The historian shifted his position on the bench so as to escape the sun that was now reflected dazzlingly by the polished steel casket.
"Drayle did not glance again at his disobedient lieutenant. He was concerned with the problem of the extra man, or, I should say, an extra man, for both were equal. Never before in the history of the world had two men been absolutely identical. They were, of course, one in thought, possessions and rights, physical attributes and appearance. Mrs. Farrel, as they were beginning to realize, was the wife of both. And I have an unworthy suspicion that the red-headed young woman, after she recovered from the shock, was not entirely displeased. The two men, however, finding that each had an arm about her waist, were regarding each other in a way that foretold trouble. Both spoke at the same time and in the same words.
"‘Take your hands off my wife!'
"And I think they would have attacked each other then if Drayle hadn't intervened. He said, ‘Sit down! All of you!' in so peremptory a voice that we obeyed him.
"‘Now,' he went on, 'pay attention to me. I think you realize the situation. The question is, what we shall do about it?' He pointed an accusing finger at the Farrel from Washington. 'You were not authorized to exist; properly we should retransmit you, and without reassembling you would simply cease to be.'
"The man addressed looked terrified. ‘It would be murder!' he protested.
"‘Would it?' Drayle inquired of me.
"I told him that it could not be proved inasmuch as there would be no corpus delicti and hence nothing on which to base a charge.
"But the Washington Farrel seemed to have more than an academic interest in the question and grew obstinate.

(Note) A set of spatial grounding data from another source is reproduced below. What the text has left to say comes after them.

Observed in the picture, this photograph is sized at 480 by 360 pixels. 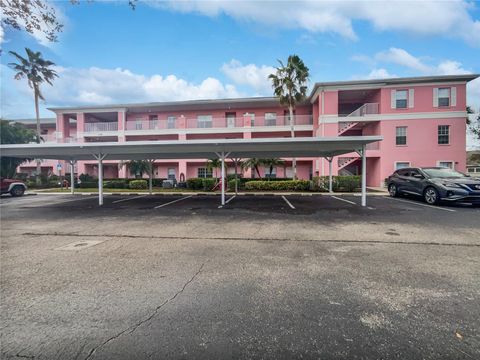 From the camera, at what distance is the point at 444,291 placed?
3191 mm

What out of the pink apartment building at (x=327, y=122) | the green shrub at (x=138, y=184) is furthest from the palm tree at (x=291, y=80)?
the green shrub at (x=138, y=184)

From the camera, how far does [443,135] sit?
67.0 ft

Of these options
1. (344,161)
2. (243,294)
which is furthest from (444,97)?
(243,294)

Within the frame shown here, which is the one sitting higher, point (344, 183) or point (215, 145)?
point (215, 145)

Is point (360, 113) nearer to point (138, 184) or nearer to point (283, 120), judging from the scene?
point (283, 120)

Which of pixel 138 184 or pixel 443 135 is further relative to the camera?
pixel 138 184

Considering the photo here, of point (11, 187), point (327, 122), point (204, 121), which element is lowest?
point (11, 187)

"‘Nothing doing!' he announced emphatically. 'Here I am and here I stay. I started from this place this morning and now I'm back, and as for that big ape over there I don't know nothing about him—except he'll be dead damn soon if he don't keep away from my wife.'
"The other Drayle-made man leaped up at this, and again I expected violence. But Buchannon flung himself between, and they subsided, muttering.
"‘Very well, then,' Drayle continued, when the room was quiet, 'here is another solution. We can, as you realize, duplicate Mrs. Farrel, and I will double your present possessions.'
"This time it was Mrs. Farrel who was dissatisfied. 'You ain't talking to me,' she informed Drayle. 'Me stand naked in front of all them lamps and get turned into smoke? Not me!' A smile spread over her face and her eyes twinkled with deviltry. 'I didn't never think I'd be in one of them triangles like in the movies, and with my own husbands, but seein' I am, I'm all for keeping them both. Then I might know where one of them was some of the time.'
"But neither of the men took to this idea and the problem appeared increasingly complex. I proposed that the survivor be determined by lot, but this suggestion won no support from anyone. Again the two men spoke at the same instant and in the same words. It was like a carefully rehearsed chorus. 'I know my rights, and I ain't going to be gypped out of them!'
"It was at this point that Drayle attempted bribery. He offered fifty thousand dollars to the man who would abandon Mrs. Farrel. But this scheme fell through because both men sought the opportunity and Mrs. Farrel objected volubly.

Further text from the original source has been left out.